Content starts
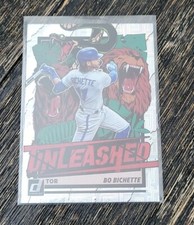 2021 Donruss Baseball Bo Bichette Unleashed Vector Variation SP UNL24 Insert 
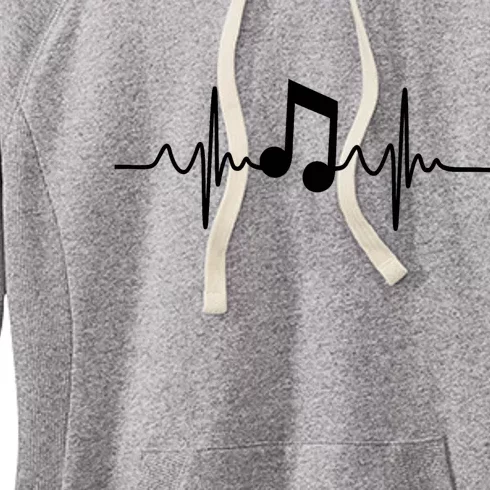 Music Note Heartbeat Pulse Women's Fleece Hoodie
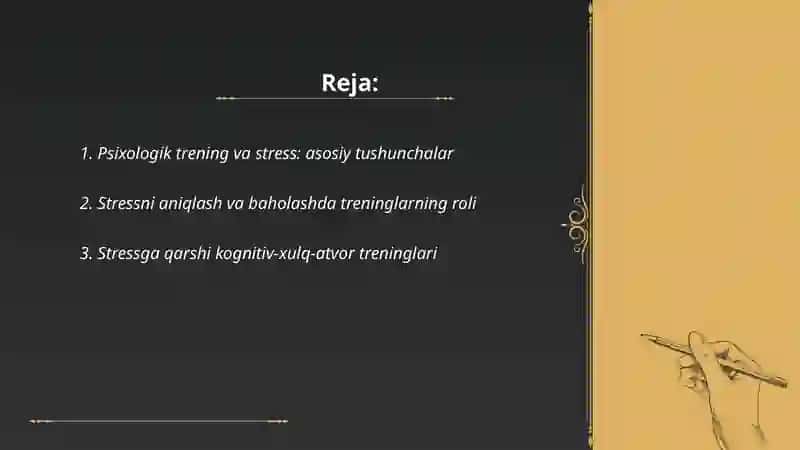 Psixologik Trening va Stress 2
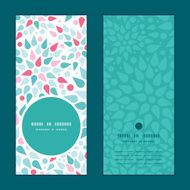 Vector abstract colorful drops vertical round frame pattern invitation greeting N2
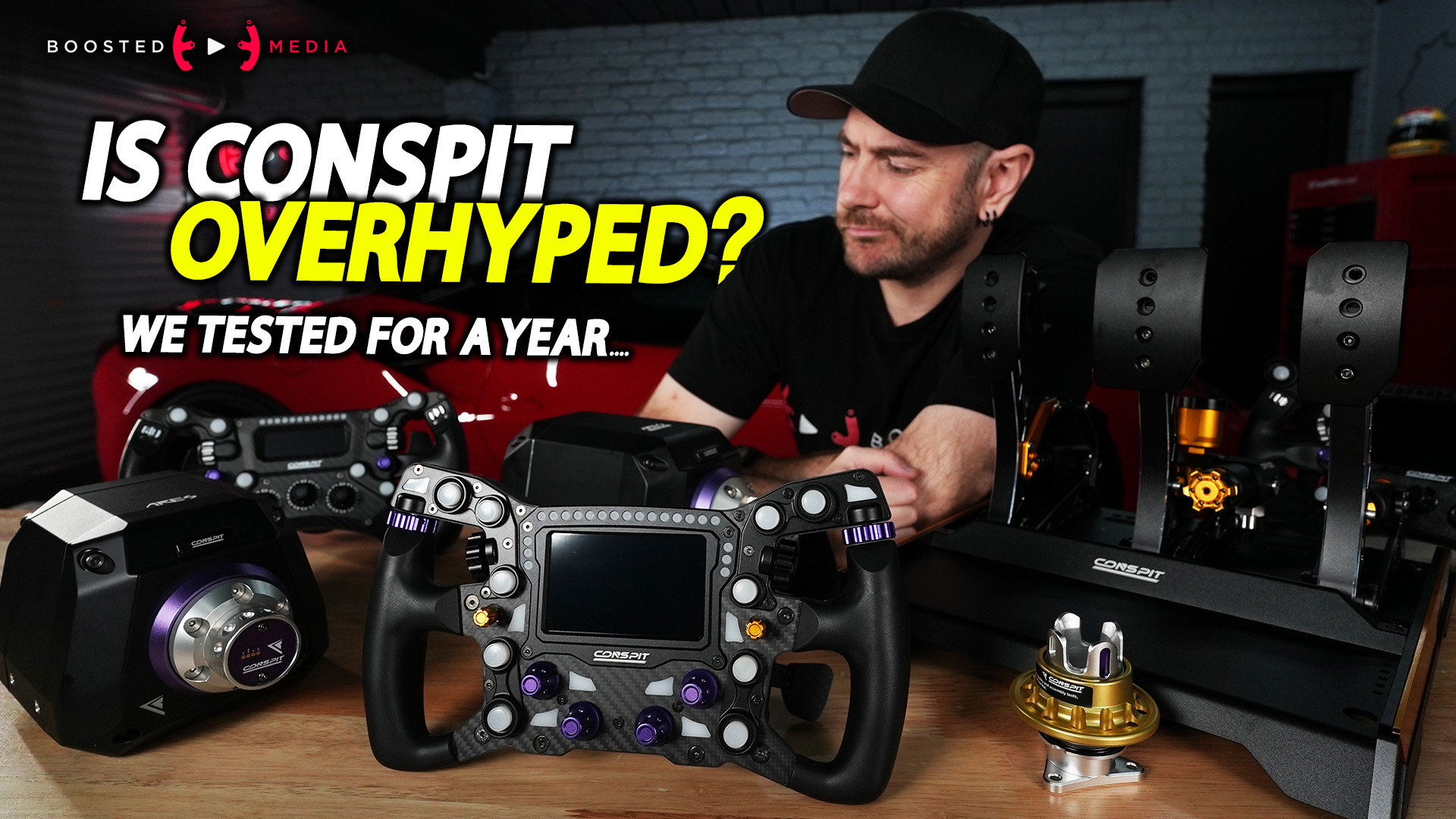 CONSPIT Sim Racing Hardware Review - Boosted Media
Content ends
Action item: Since only the text is wanted, repeat all the records above exactly and omit the pictures.

Exercise answer:
 2021 Donruss Baseball Bo Bichette Unleashed Vector Variation SP UNL24 Insert 
 Music Note Heartbeat Pulse Women's Fleece Hoodie
 Psixologik Trening va Stress 2
 Vector abstract colorful drops vertical round frame pattern invitation greeting N2
 CONSPIT Sim Racing Hardware Review - Boosted Media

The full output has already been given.